● EXERCISE BRIEF
Reproduce, from the lines below, exactly the stretch that begins at the line containing "Videocon Delight 11" and ends at the line containing "Tilt wheel and", both included.

● EXERCISE MATERIALS
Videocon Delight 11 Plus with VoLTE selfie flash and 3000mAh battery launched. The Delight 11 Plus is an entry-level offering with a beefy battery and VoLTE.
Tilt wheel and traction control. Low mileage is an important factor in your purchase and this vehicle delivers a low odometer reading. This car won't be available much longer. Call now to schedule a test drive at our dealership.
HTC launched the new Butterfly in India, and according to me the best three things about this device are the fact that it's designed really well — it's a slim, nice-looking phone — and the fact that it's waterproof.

* * *

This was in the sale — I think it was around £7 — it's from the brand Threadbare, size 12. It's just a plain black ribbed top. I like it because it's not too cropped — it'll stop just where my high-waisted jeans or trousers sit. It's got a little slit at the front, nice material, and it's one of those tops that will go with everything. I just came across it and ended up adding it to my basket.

==

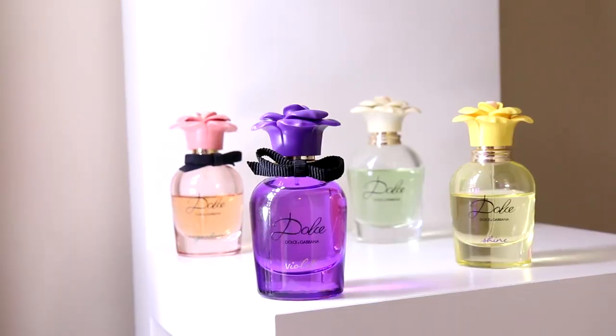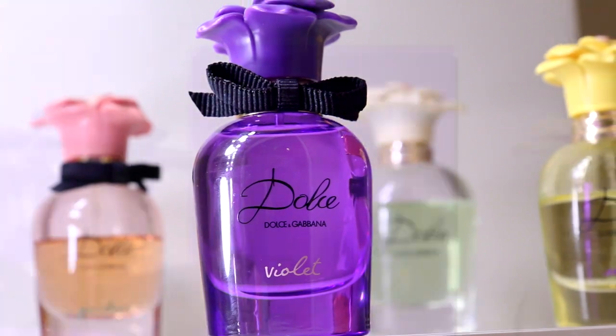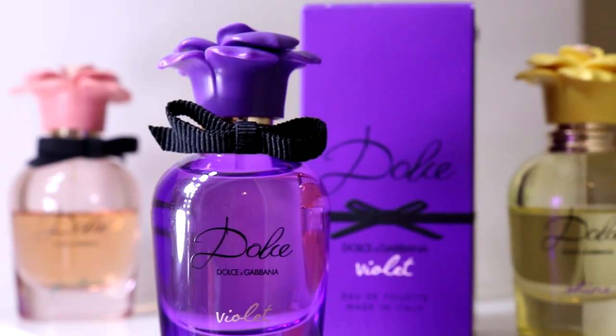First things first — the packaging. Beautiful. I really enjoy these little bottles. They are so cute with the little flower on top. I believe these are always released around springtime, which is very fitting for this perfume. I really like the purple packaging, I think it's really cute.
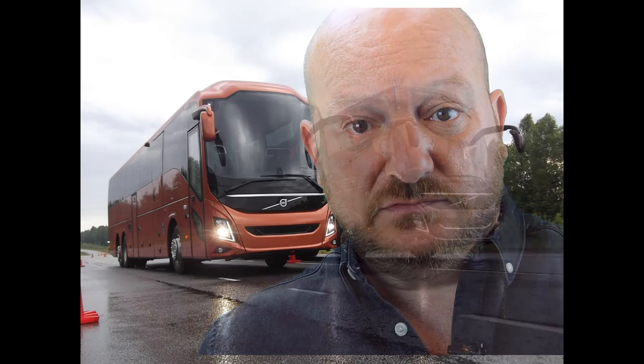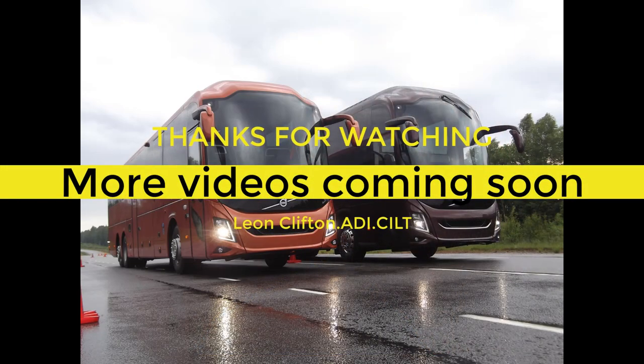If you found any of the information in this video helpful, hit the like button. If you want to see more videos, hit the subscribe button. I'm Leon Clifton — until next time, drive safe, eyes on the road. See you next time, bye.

● TASK ANSWER
Videocon Delight 11 Plus with VoLTE selfie flash and 3000mAh battery launched. The Delight 11 Plus is an entry-level offering with a beefy battery and VoLTE.
Tilt wheel and traction control. Low mileage is an important factor in your purchase and this vehicle delivers a low odometer reading. This car won't be available much longer. Call now to schedule a test drive at our dealership.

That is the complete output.